Business Expert On Why Agile Leadership Is Crucial to Ascend the Career Ladder - Black Enterprise
Black Enterprise Magazine January-March 2019 Issue

Eric Wynstin Walton is an expert on agile leadership. As CEO of LEAD360, his organization helps black leaders succeed in complex corporate environments where high-level leadership acumen is a must.

Compiling his insights from some of the world’s most prominent Fortune 500 companies, including AstraZeneca, Wyeth, and Johnson & Johnson, Walton discovered why so many black executives struggle with success while navigating the sinuous terrain often encountered on the trek up the “corporate ladder.” In making this discovery, Walton developed his own compelling philosophy on agile leadership development. His philosophy-turned-leadership acumen is now used to teach leaders everywhere how to confront seemingly insurmountable business challenges and “WYN anyway.”

Black Enterprise: Tell me about your passion for leadership development and the evolution of LEAD360?

Walton: Over the past 20 years, I’ve had the good fortune of working in middle management and senior leadership positions within influential global organizations. During this time, I’ve developed a network of high performing black leaders—colleagues—who have reinvented departments, groups, and even entire corporations.

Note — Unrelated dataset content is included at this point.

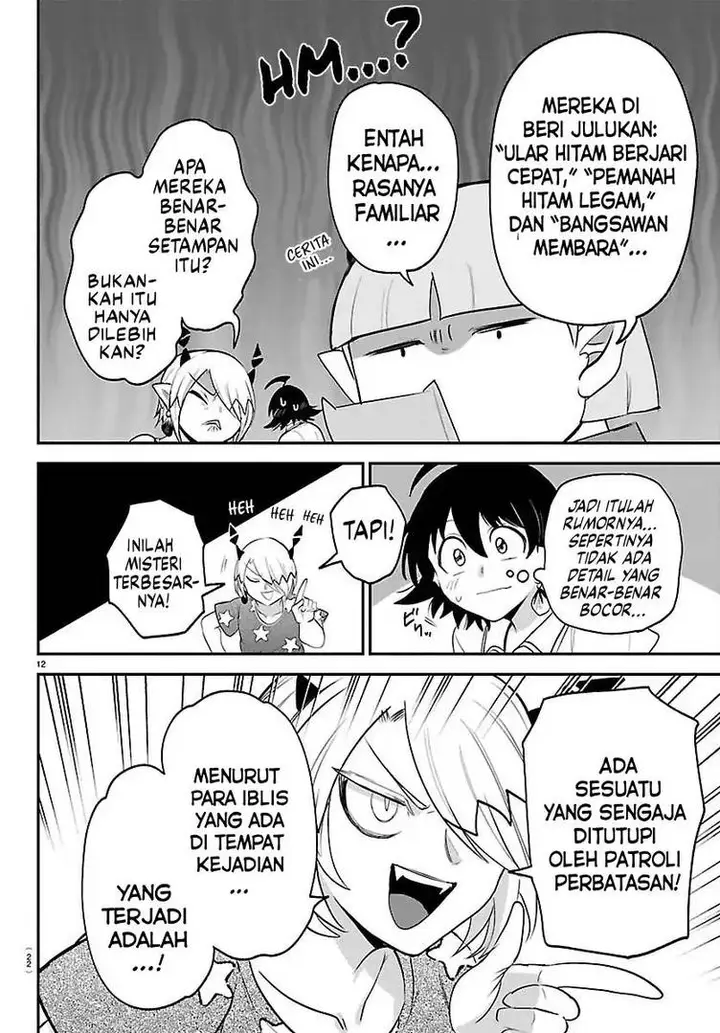 image-komik-mairimashita-iruma-kun-chapter-423-13/23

Yet, these leaders have some incredibly shocking stories of what they’ve encountered while investing their excellence into the companies they work for. These stories speak to the undeniable truth that our roadmap for success incorporates: mastery of business competency, emotional intelligence, and an accessible and courageous community of peers and sponsors. It was these stories, coupled with deep insights from my own experiences that inspired me to explore leadership development as a strategic business model and thus, develop LEAD360.

agile leadership

Walton facilitating discussion with CNN Contributor Bakari Sellers at LEAD360 Leadership Summit in Atlanta

What is agile leadership and how is it relevant to your programming at LEAD360?

Leadership agility is the master skill needed for sustained success in today’s complex, fast-paced competitive business environment. It is a single component of effective leadership that illuminates the unavoidable sea-changes within the workplace environment: volatility, uncertainty, complexity, and ambiguity. Agile leaders are those who not only understand the dynamics of these sea-changes but are also able to confront them and solve related challenges in context.

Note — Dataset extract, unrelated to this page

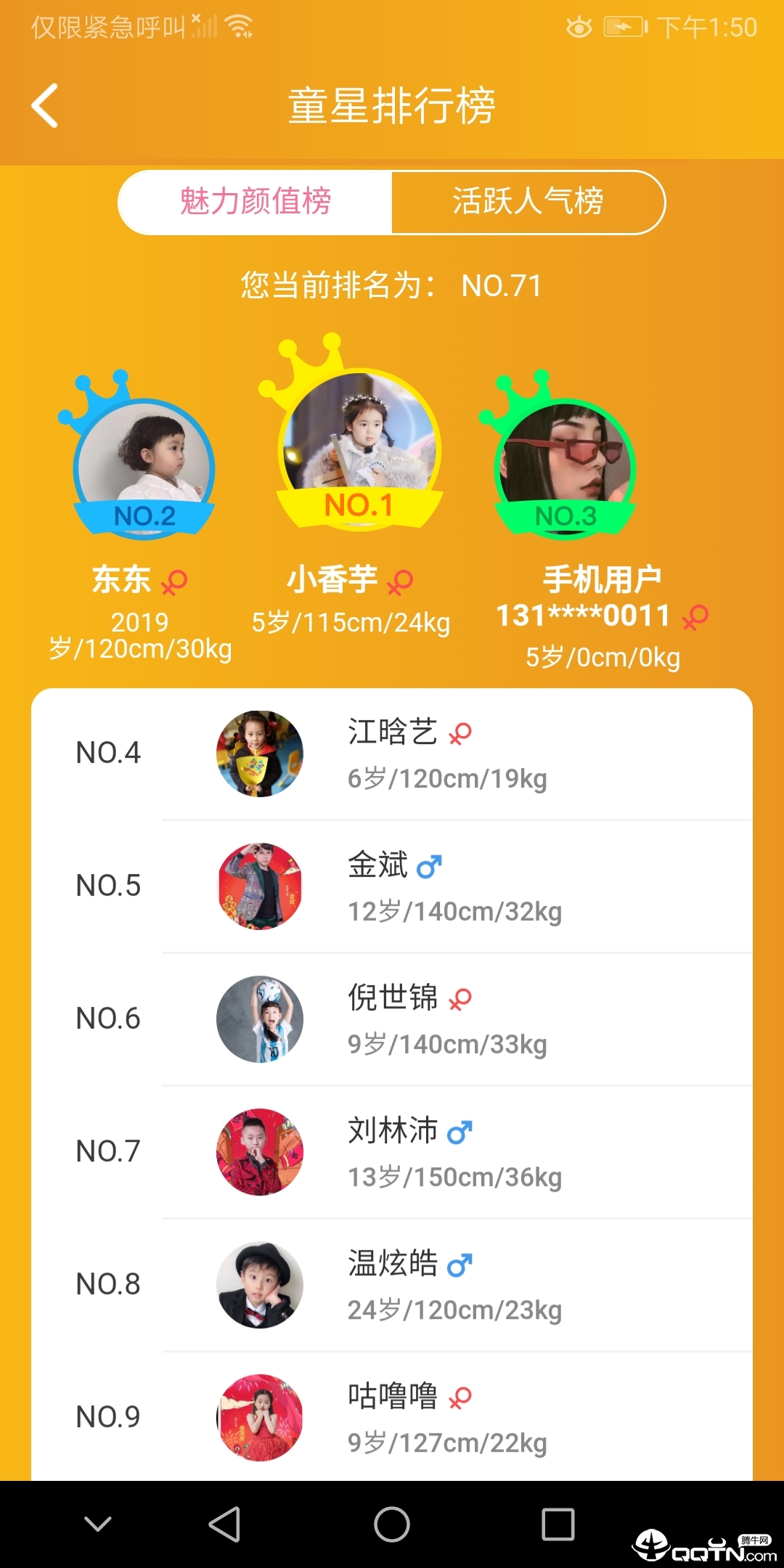 小芒果  v1.6.5图2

LEAD360 places considerable attention on helping its leadership community to anticipate and create changes that result in nimbly navigating crises, transforming company culture and achieving competitive advantage. Darryl Smith, a senior partner at Korn Ferry, notes that “Markets are experiencing rapid change fueled by artificial intelligence, generational dynamics, alternative currencies, and a more diverse customer base.” And there’s no indication that such trends will be changing anytime soon. That said, black business leaders must accept, understand, and leverage these new realities advantageously.

agile leadership

Walton with LEAD360 Executive of the Year David A. Thomas, President, Morehouse College and Thomas Dortch, CEO, 100 Black Men

How did you develop the “WYN anyway” concept? How do you implement it as a strategic process for transforming experiences for blacks in the corporate workspace?

The WYN ANYWAY concept is inspired by my admiration for three athletes; Kobe Bryant, Simone Manuel, and Magic Johnson, who win because of their absolute refusal to lose; who win because they are willing to put in the work, invest in themselves and never offer excuses simply because many say that they can’t. It is the spirit that drives me, and thus LEAD360. Appropriately, my father Matthew Walton, gave me the middle name, “Wynstin,” in part because he knew I’d face significant challenges as a black man and despite those challenges, he taught me to persevere and “WYN anyway.”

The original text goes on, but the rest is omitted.